Prawosławnym Białorusinom zakazano modlić się w świątyniach Cerkwi Prawosławnej Ukrainy
Prawosławni Białorusi nie mają prawa uczestniczyć w sakramentach nowo utworzonej Cerkwi Prawosławnej Ukrainy. Poinformował o tym w rozmowie z Radiem „Swaboda” rzecznik Białoruskiej Cerkwi Prawosławnej Siarhiej Lepin.
Dodał, że białoruscy prawosławni „nie mogą uczestniczyć” także w nabożeństwach niezależnego ukraińskiego kościoła.
15 grudnia w Kijowie został wybrany patriarcha Cerkwi Prawosławnej Ukrainy. Został nim Epifaniusz, dotąd biskup perejasławski i białocerkiewski, rektor Akademii Teologii Prawosławnej w Kijowie.

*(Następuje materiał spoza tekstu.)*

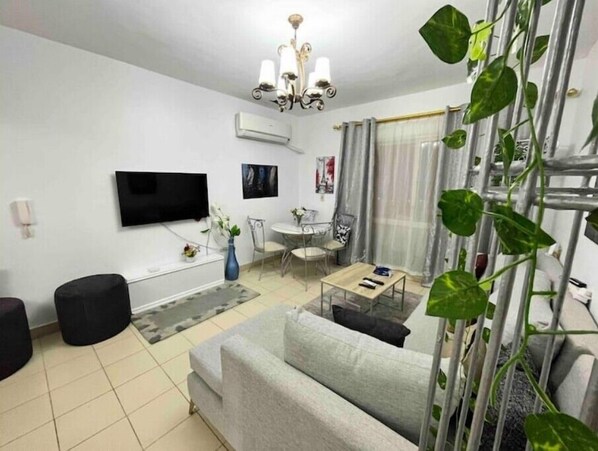 Living area - Modern Apartment in Sheikh Zayed (Sheikh Zayed)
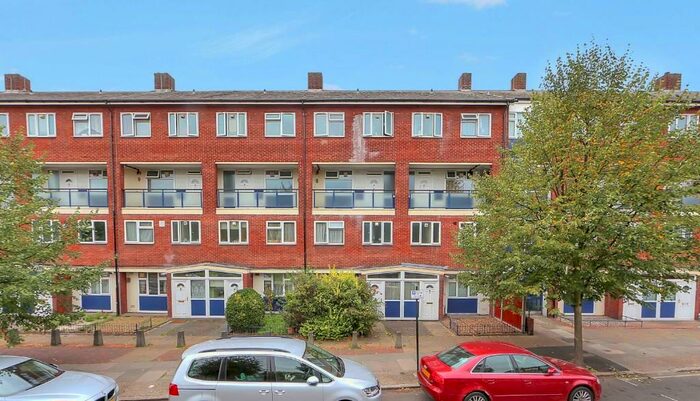 4 Bedroom Terraced House To Rent In Cooks Road, London, Kennington, Southwark, SE17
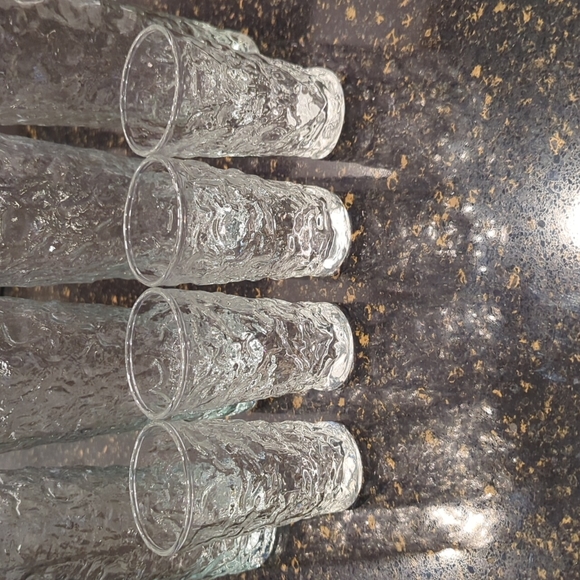 Textured glasses set of 8 - Picture 6 of 10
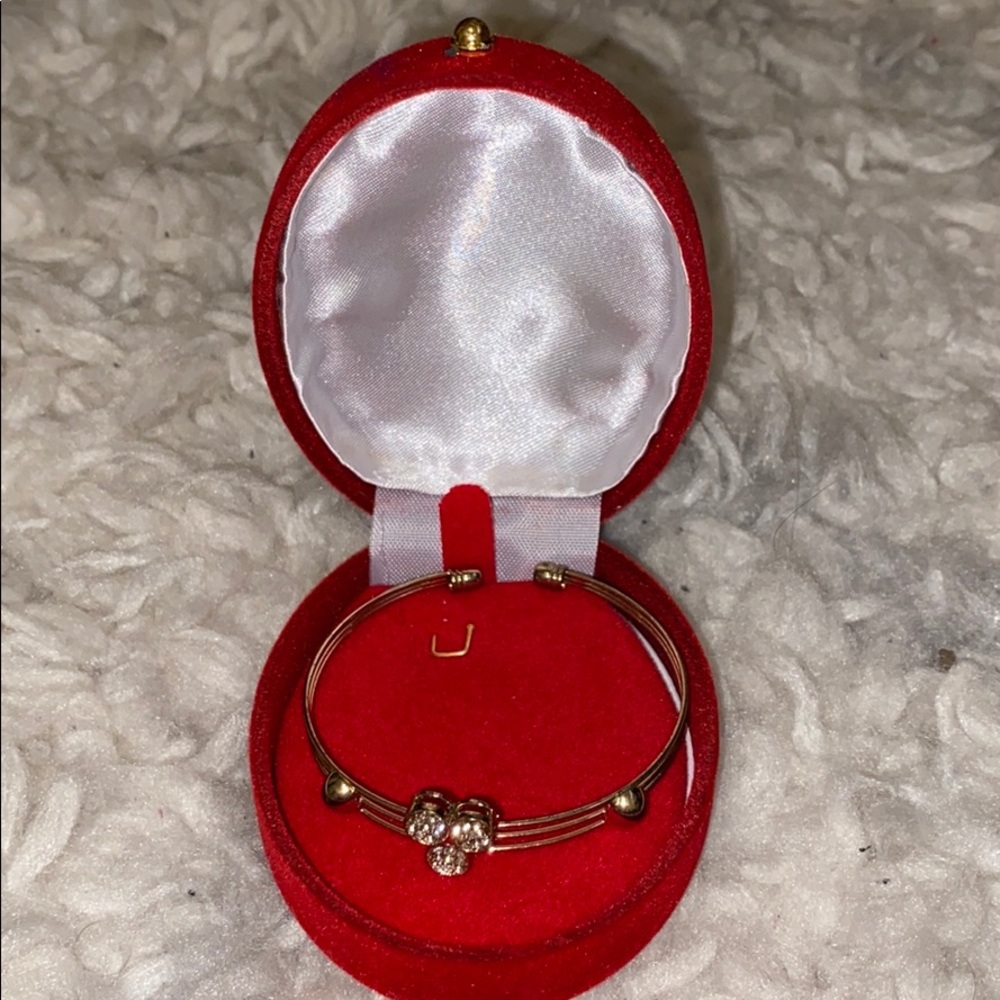 A beautiful “gold” bracelet!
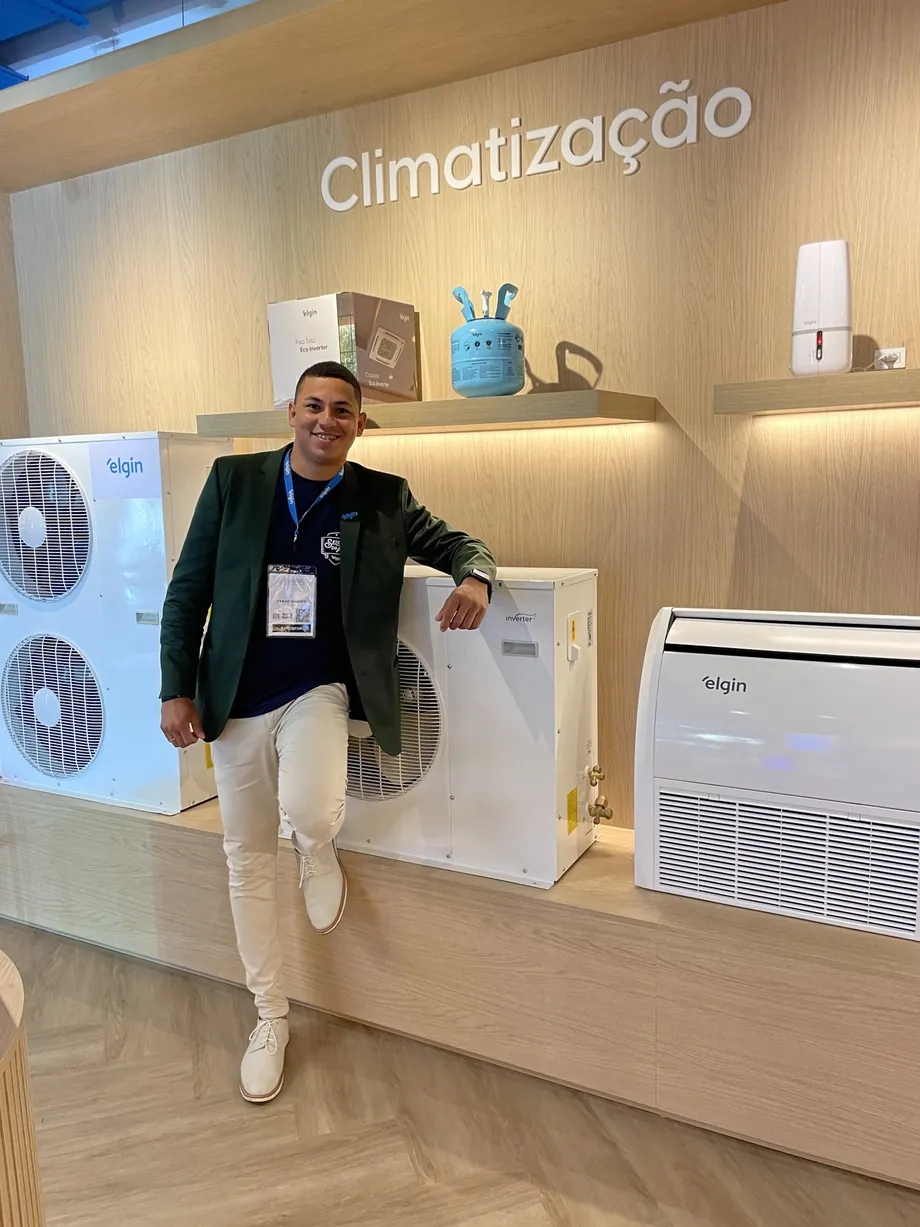 Tyago Soares, técnico em mecânica de climatização, ao lado de equipamentos de ar-condicionado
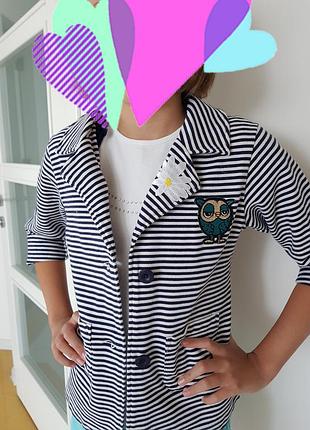 Стильний піджак на дівчинку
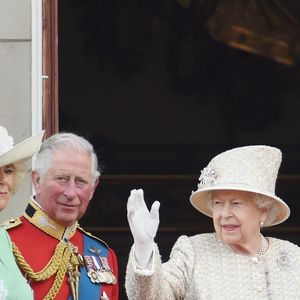 Camilla Parker Bowles, duchesse de Cornouailles, le prince Charles, prince de Galles, la reine Elisabeth II d’Angleterre - La famille royale au balcon du palais de Buckingham lors de la parade Trooping the Colour 2019, célébrant le 93ème anniversaire de la reine Elisabeth II, Londres, le 8 juin 2019. (Backgrid UK/ Bestimage).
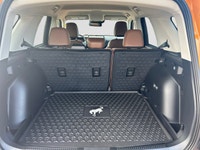 Check out this vehicle's pictures, features, options and specs, and let us know if you have any ques... (image 9)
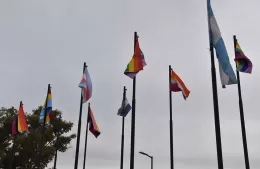 Flamea la bandera LGBTIQ+ en el Día de la Visibilidad de la comunidad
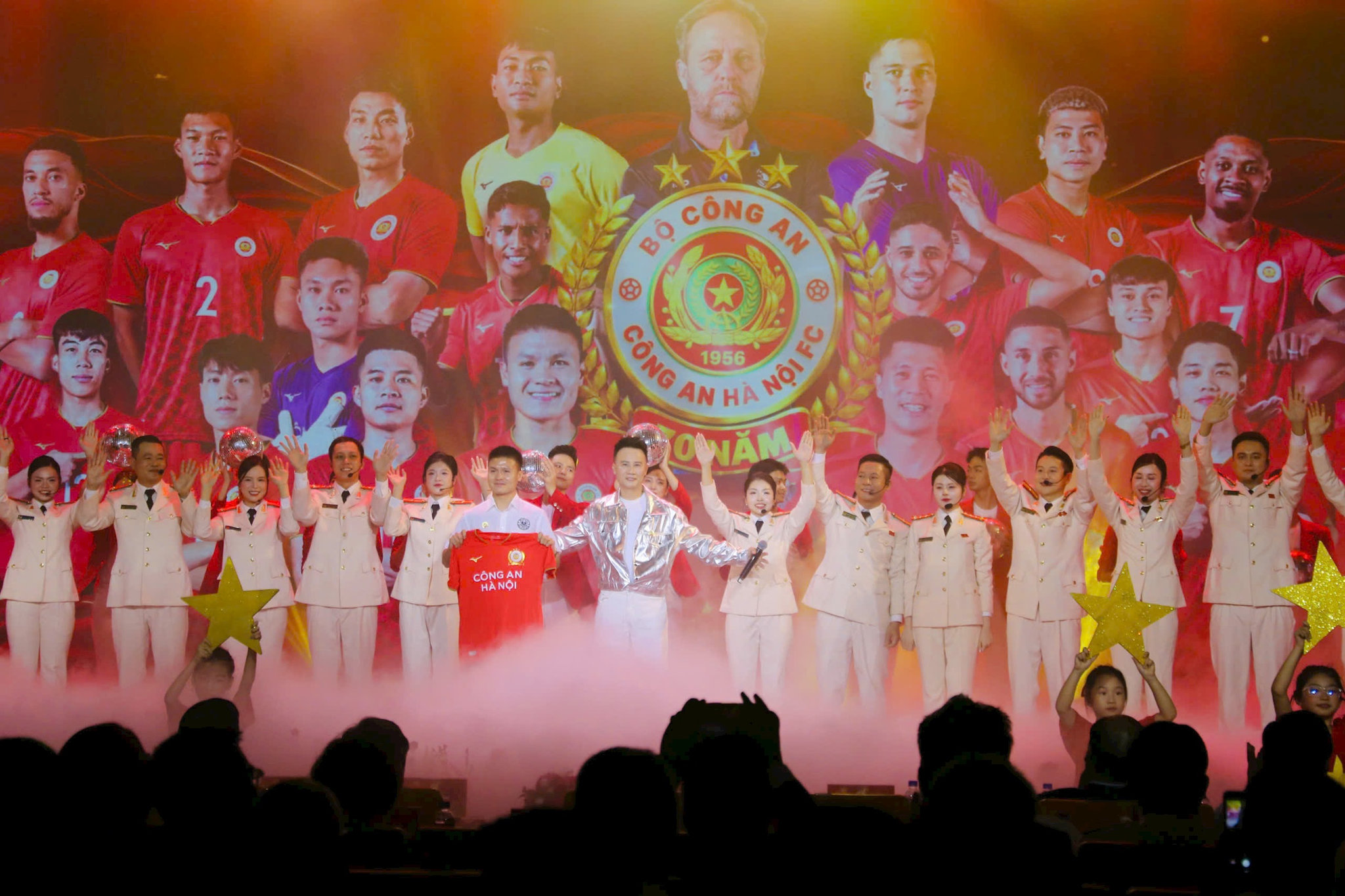 9-chuong-rinh-van-nghe-chao-mung.jpg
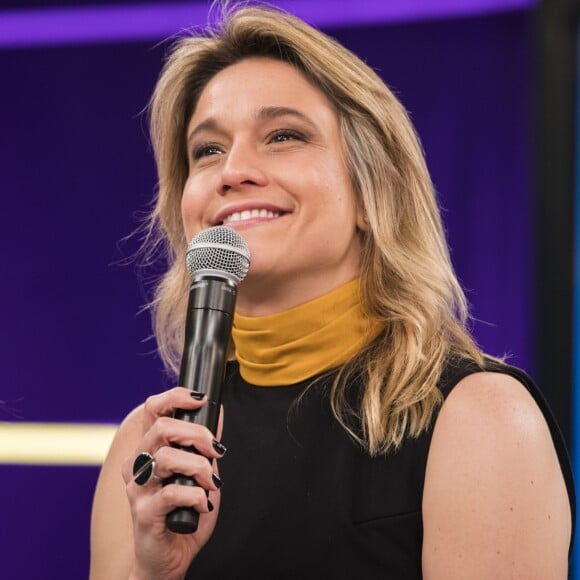 Fernanda Gentil leu nota divulgada pela Warner Music por polêmica envolvendo composição de 'Onda Diferente': 'A gravadora deixou claro que o papel dela é distribuir, gerenciar e liberar a composição, mas que não tem responsabilidade nenhuma pelos percentuais entre os artistas'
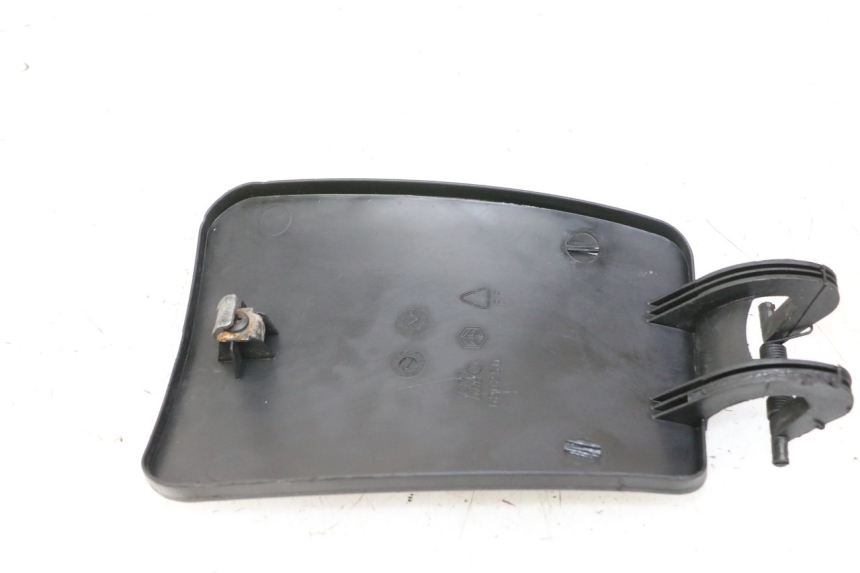 photo de CARBURANTE SPORTELLO PIAGGIO MP3 LT 300 (2010 - 2016)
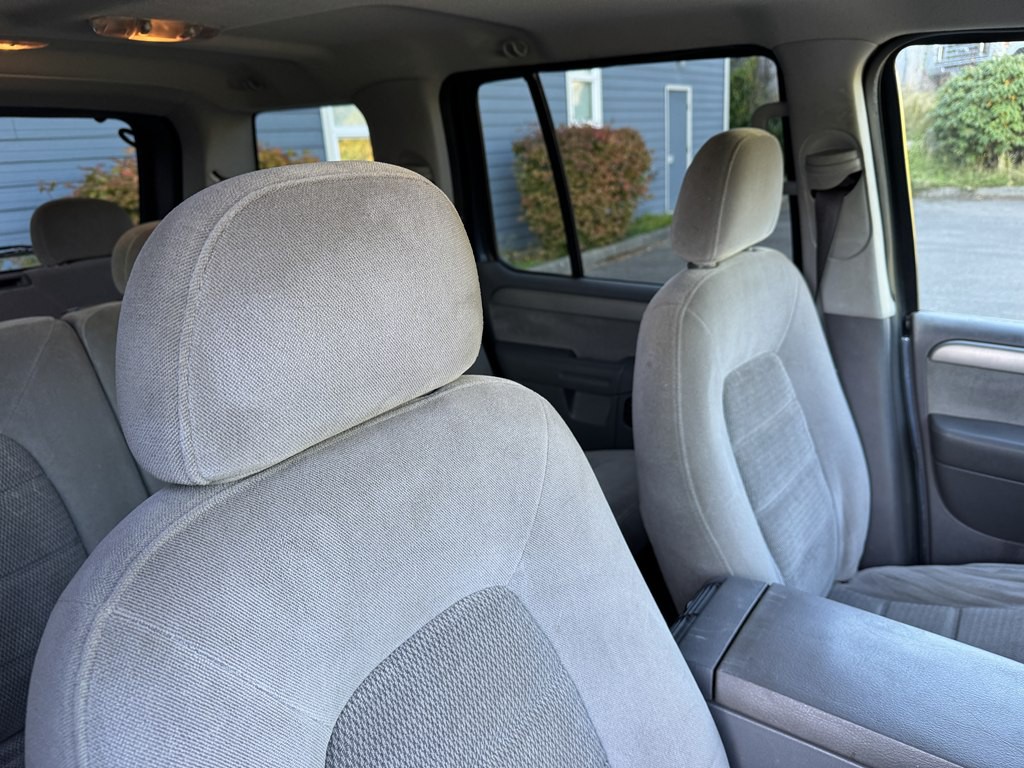 2004 Ford Explorer Image 16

Według Siarhieja Lepina, białoruska cerkiew do powstania nowej cerkwi prawosławnej na Ukrainie ma stosunek identyczny, jak cały Patriarchat Moskiewski: „To jest konkretne zdarzenie, które jednak nie jest związane bezpośrednio z życiem kanonicznego kościoła prawosławnego” – powiedział.
„Jakie będą kontakty? Konwencjonalne kontakty sąsiedzkie. Nie szukamy wojny, nienawiści. Jesteśmy przyjaciółmi wszystkich. Przyjaźń to jedno, ale pewne kwestie to co innego. O stosunkach liturgicznych nie ma mowy” – stwierdził rzecznik białoruskiej cerkwi.
Według Siarhieja Lepina „kontakty są możliwe tylko na płaszczyźnie cywilnej”.
„Oznacza to, że nie traktujemy ich jako siostrzanego kościoła, ale jak przedstawicieli innych wyznań, Katolików, Unitów lub któregokolwiek z rozłamowców” – powiedział Lepin.
Według Lepina, Białoruska Cerkiew Prawosławna posiada kanoniczną i liturgiczną relację „tylko z Ukraińską Cerkwią Prawosławną, podporządkowaną Patriarchatowi Moskiewskiemu”.